Introduction
Therapeutic options for pediatric, adolescent and young adult (AYA) patients with relapsed/refractory acute myeloid leukemia (AML) are limited, and outcomes remain dismal; two-year relapse-free rates for these patients, even with current chemotherapeutic regimens and hematopoietic stem cell transplant (HSCT), are only 25%-30%.1-3 Relapsed/refractory acute lymphoblastic leukemia (ALL) has also remained challenging to treat in children and AYA, with survival rates lagging significantly behind those observed at initial diagnosis. Although there have been improvements in outcomes over the past several decades, only ∼50% of children and AYA with first relapse of ALL experience long term survival, and outcomes are even worse with second or later relapses.4 Novel therapeutic strategies are thus needed to improve outcomes in pediatric/AYA patients with relapsed/refractory (advanced) hematologic malignancies.
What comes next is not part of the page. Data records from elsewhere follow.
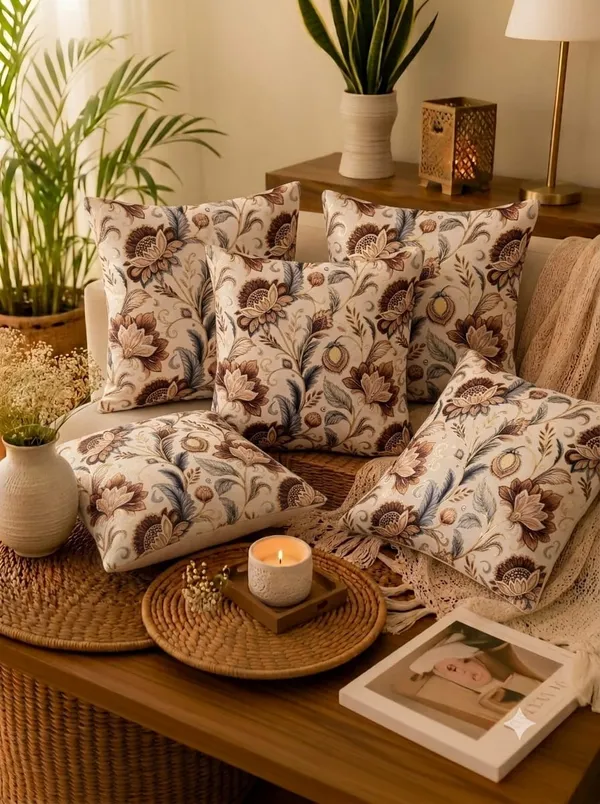 Fabric_Floral_Print_5_Piece_Cushion_Cover_Set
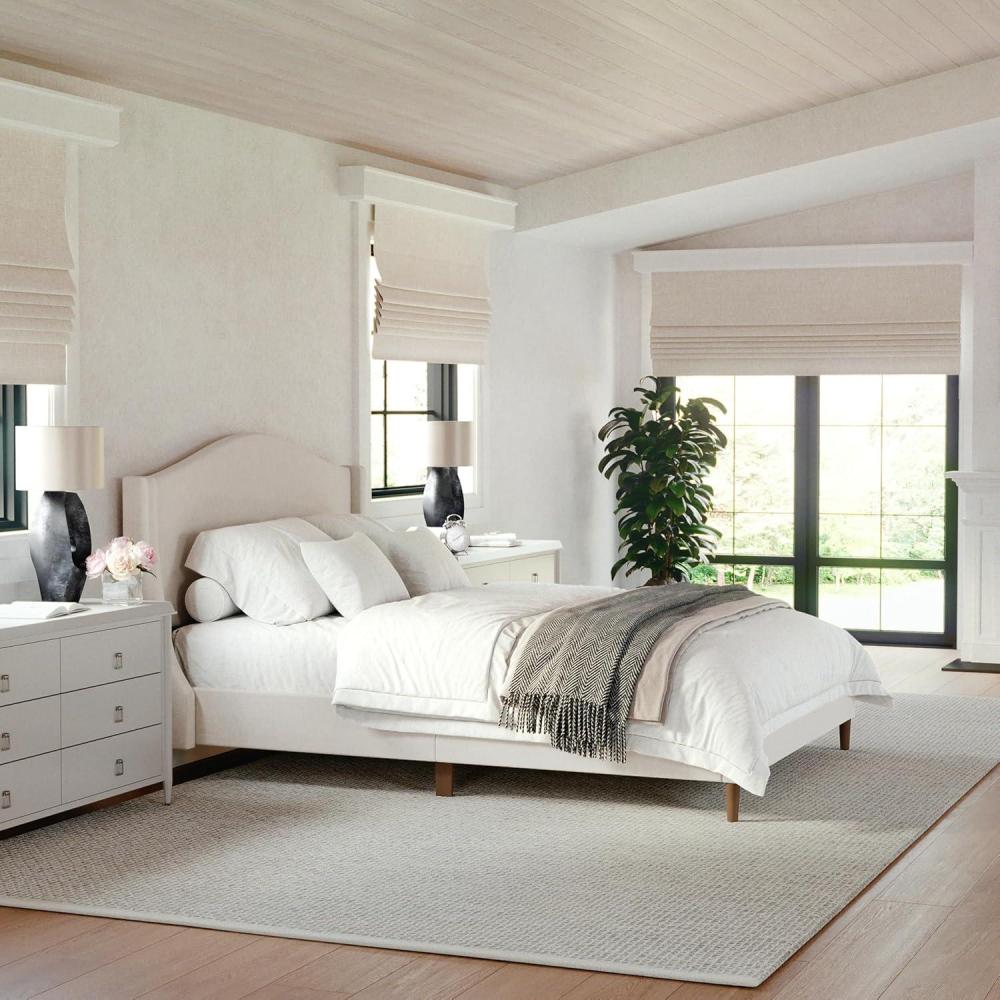imageMartha Stewart Amelia Platform Bed with Curved Headboard and Cushioned Side Rails Faux Linen Upholstery Wood Slat Foundation No Box Spring Needed Queen BeigeBeige FabricWalnut Legs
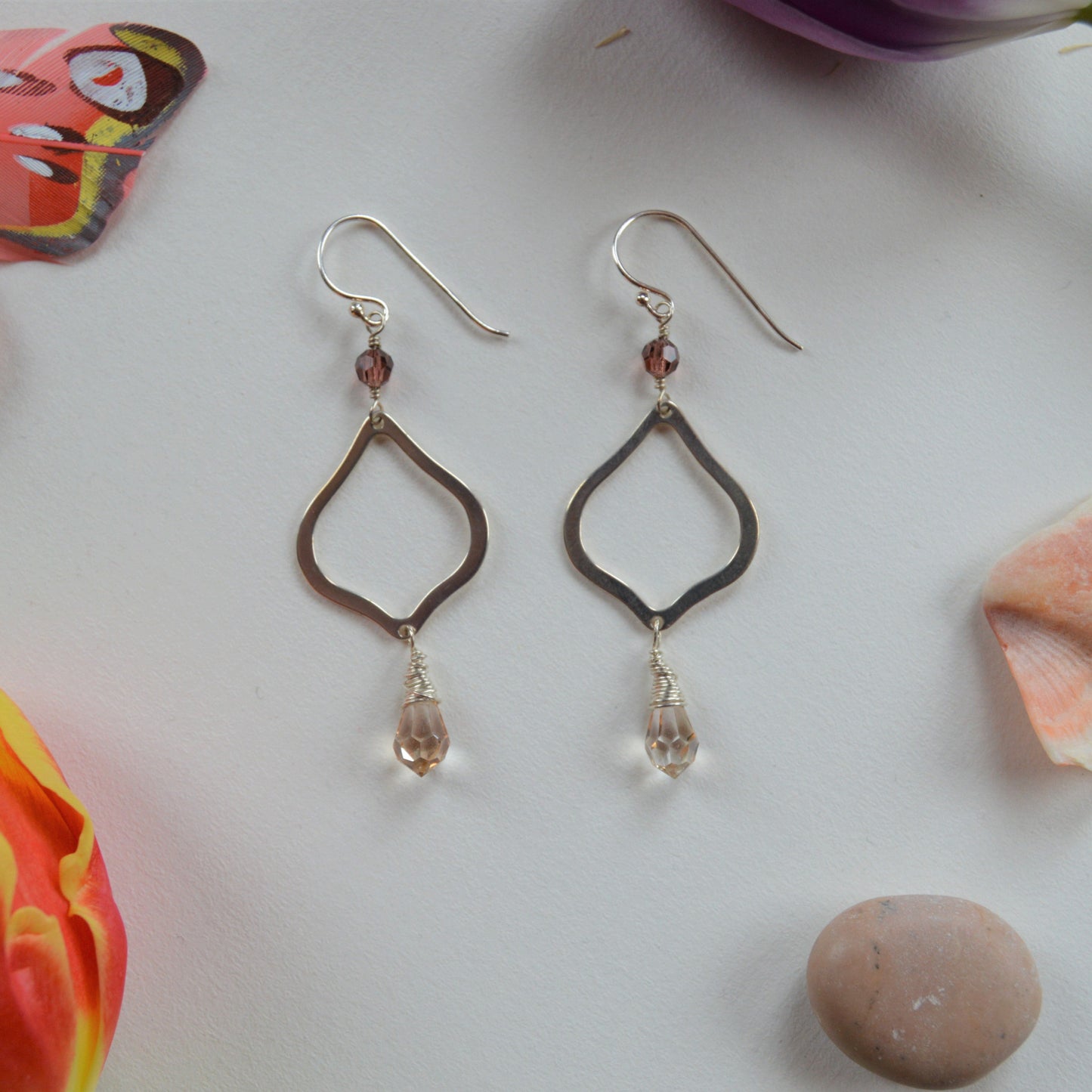 Sterling silver earrings with Czech glass drops and crystals - Ethno Eleganza collection.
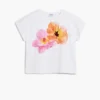 Kurzärmeliges T-Shirt mit gestickten Blumen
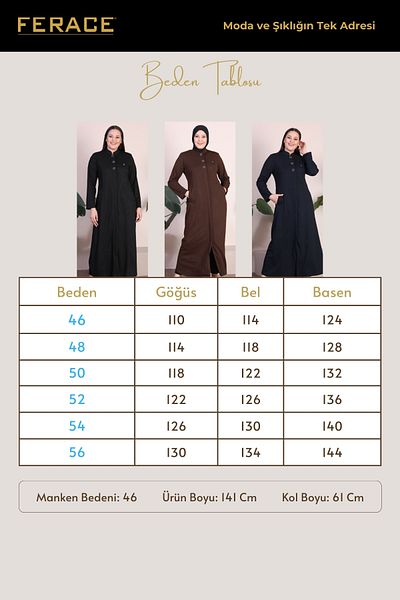 Ferace Γυναικείο παλτό Hijab Plus Size 3 με κουμπιά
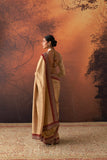 GOLD TISSUE SAREE WITH RED BORDER & UNSTITCHED BLOUSE (2 PCS)
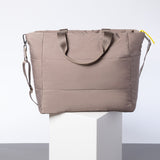 padded tote bag large + strap basic woven slim - dark mushroom - VIVI MARI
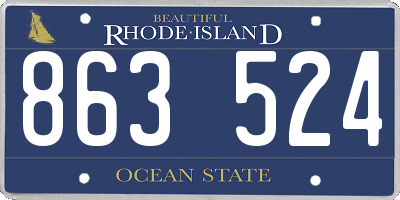 RI license plate 863524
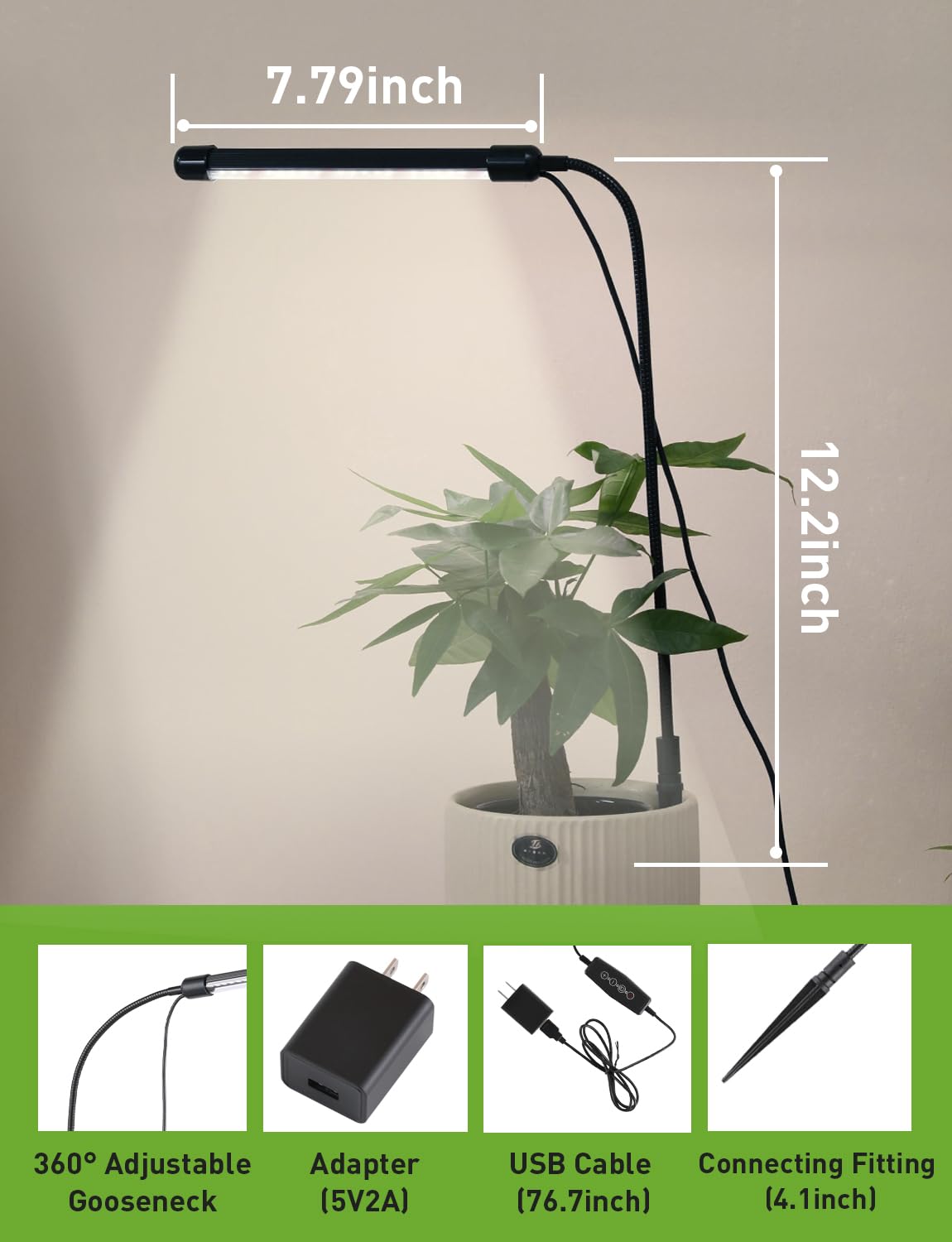 Grow Lights for Indoor Plants Full Spectrum, Plant Lights for Indoor Growing, 48 LEDs Ground Plug Grow Light with Gooseneck, Auto Timer & Dimmable Settings, Ideal for Small and Indoor Plants, 2 Packs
Venetoclax, a potent, highly selective, orally available inhibitor of the anti-apoptotic protein B-cell lymphoma-2 (BCL-2), has emerged as one such promising agent. Venetoclax in combination with low-dose cytarabine or hypomethylating agents is Food and Drug Administration-approved for adults with newly diagnosed chronic lymphocytic leukemia and AML, based on results supporting its safety and efficacy in elderly adults deemed unfit for cytotoxic chemotherapy.5-7 Several studies also suggest these combinations may be effective salvage regimens for adults with relapsed or refractory AML, even in heavily pre-treated populations.8-10
Venetoclax is currently the subject of several ongoing phase I/II clinical trials evaluating its safety and efficacy in pediatric/AYA patients with relapsed or refractory AML (NCT03194932) and in other malignancies (NCT03236857). A phase I dose-escalation study of venetoclax in combination with cytarabine with or without idarubicin in pediatric patients with relapsed/ refractory AML or ambiguous lineage leukemia supported the safety and efficacy of venetoclax and conventional chemotherapy in this population.11Another phase I dose escalation study demonstrated venetoclax with chemotherapy and low-dose navitoclax, a BCL-XL/BCL-2 inhibitor, is a safe and promising combination in pediatric and adult patients with advanced ALL and lymphoblastic lymphoma.12
Aside from these early-phase trials, the published literature to date concerning venetoclax in pediatric/AYA patients with hematologic malignancies consists of a few single-institution reports that support the safety and efficacy of venetoclax in combination with cytotoxic chemotherapy in pediatric patients with ALL13 and AML14 and in combination therapy with azacitidine in pediatric patients with MDS or AML unfit for standard chemotherapy.15
While these reports are encouraging, more robust data are needed to guide clinicians in the safe and efficacious use of venetoclax combination therapy across a range of pediatric hematologic malignancies. We therefore retrospectively reviewed our institutional experience of venetoclax use in pediatric/AYA patients at the University of California San Francisco (UCSF) Benioff Children’s Hospitals and report on 13 pediatric and AYA patients with hematologic malignancies who received venetoclax combination therapy outside of a clinical trial between 2016 and 2022. We report on exceptional responders and previously unreported toxicities.